→ Source records:
★ ★ ★ ★ ★

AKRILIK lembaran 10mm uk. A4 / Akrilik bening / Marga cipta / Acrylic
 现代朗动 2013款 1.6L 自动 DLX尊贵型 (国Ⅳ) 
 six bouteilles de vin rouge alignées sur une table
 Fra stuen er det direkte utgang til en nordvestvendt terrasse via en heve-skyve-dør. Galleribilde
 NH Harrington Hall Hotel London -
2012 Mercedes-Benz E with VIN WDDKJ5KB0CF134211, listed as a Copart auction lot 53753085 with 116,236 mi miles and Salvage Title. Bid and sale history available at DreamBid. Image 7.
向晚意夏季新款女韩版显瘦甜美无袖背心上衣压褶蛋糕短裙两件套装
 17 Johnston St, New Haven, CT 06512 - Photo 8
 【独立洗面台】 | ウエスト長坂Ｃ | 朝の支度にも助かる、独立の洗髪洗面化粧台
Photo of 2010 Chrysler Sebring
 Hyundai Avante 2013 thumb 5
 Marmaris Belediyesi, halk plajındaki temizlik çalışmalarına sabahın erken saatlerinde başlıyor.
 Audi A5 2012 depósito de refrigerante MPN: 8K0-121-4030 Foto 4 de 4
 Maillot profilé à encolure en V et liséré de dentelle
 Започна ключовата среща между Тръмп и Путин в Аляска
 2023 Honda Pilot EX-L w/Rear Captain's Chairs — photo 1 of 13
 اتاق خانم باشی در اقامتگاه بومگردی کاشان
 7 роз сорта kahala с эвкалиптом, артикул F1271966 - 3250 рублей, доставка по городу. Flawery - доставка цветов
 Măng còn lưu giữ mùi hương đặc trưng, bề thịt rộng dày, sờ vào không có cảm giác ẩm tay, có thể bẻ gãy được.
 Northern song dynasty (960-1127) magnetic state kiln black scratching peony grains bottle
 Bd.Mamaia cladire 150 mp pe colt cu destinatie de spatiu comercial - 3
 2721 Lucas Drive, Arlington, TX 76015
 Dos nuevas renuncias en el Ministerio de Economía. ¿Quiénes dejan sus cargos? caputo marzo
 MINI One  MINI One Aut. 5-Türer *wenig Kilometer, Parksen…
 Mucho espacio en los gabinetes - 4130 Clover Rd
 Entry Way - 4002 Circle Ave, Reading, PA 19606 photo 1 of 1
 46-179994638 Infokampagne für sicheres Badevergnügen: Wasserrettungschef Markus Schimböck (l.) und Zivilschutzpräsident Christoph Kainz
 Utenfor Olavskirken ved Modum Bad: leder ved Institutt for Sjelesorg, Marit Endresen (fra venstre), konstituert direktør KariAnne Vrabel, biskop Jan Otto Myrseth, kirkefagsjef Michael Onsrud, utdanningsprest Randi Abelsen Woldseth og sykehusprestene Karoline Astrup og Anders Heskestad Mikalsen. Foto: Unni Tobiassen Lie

★ ★ ★ ★ ★

→ Assignment: Down to the last line, retype the entries above exactly.

→ Reply:
AKRILIK lembaran 10mm uk. A4 / Akrilik bening / Marga cipta / Acrylic
 现代朗动 2013款 1.6L 自动 DLX尊贵型 (国Ⅳ) 
 six bouteilles de vin rouge alignées sur une table
 Fra stuen er det direkte utgang til en nordvestvendt terrasse via en heve-skyve-dør. Galleribilde
 NH Harrington Hall Hotel London -
2012 Mercedes-Benz E with VIN WDDKJ5KB0CF134211, listed as a Copart auction lot 53753085 with 116,236 mi miles and Salvage Title. Bid and sale history available at DreamBid. Image 7.
向晚意夏季新款女韩版显瘦甜美无袖背心上衣压褶蛋糕短裙两件套装
 17 Johnston St, New Haven, CT 06512 - Photo 8
 【独立洗面台】 | ウエスト長坂Ｃ | 朝の支度にも助かる、独立の洗髪洗面化粧台
Photo of 2010 Chrysler Sebring
 Hyundai Avante 2013 thumb 5
 Marmaris Belediyesi, halk plajındaki temizlik çalışmalarına sabahın erken saatlerinde başlıyor.
 Audi A5 2012 depósito de refrigerante MPN: 8K0-121-4030 Foto 4 de 4
 Maillot profilé à encolure en V et liséré de dentelle
 Започна ключовата среща между Тръмп и Путин в Аляска
 2023 Honda Pilot EX-L w/Rear Captain's Chairs — photo 1 of 13
 اتاق خانم باشی در اقامتگاه بومگردی کاشان
 7 роз сорта kahala с эвкалиптом, артикул F1271966 - 3250 рублей, доставка по городу. Flawery - доставка цветов
 Măng còn lưu giữ mùi hương đặc trưng, bề thịt rộng dày, sờ vào không có cảm giác ẩm tay, có thể bẻ gãy được.
 Northern song dynasty (960-1127) magnetic state kiln black scratching peony grains bottle
 Bd.Mamaia cladire 150 mp pe colt cu destinatie de spatiu comercial - 3
 2721 Lucas Drive, Arlington, TX 76015
 Dos nuevas renuncias en el Ministerio de Economía. ¿Quiénes dejan sus cargos? caputo marzo
 MINI One  MINI One Aut. 5-Türer *wenig Kilometer, Parksen…
 Mucho espacio en los gabinetes - 4130 Clover Rd
 Entry Way - 4002 Circle Ave, Reading, PA 19606 photo 1 of 1
 46-179994638 Infokampagne für sicheres Badevergnügen: Wasserrettungschef Markus Schimböck (l.) und Zivilschutzpräsident Christoph Kainz
 Utenfor Olavskirken ved Modum Bad: leder ved Institutt for Sjelesorg, Marit Endresen (fra venstre), konstituert direktør KariAnne Vrabel, biskop Jan Otto Myrseth, kirkefagsjef Michael Onsrud, utdanningsprest Randi Abelsen Woldseth og sykehusprestene Karoline Astrup og Anders Heskestad Mikalsen. Foto: Unni Tobiassen Lie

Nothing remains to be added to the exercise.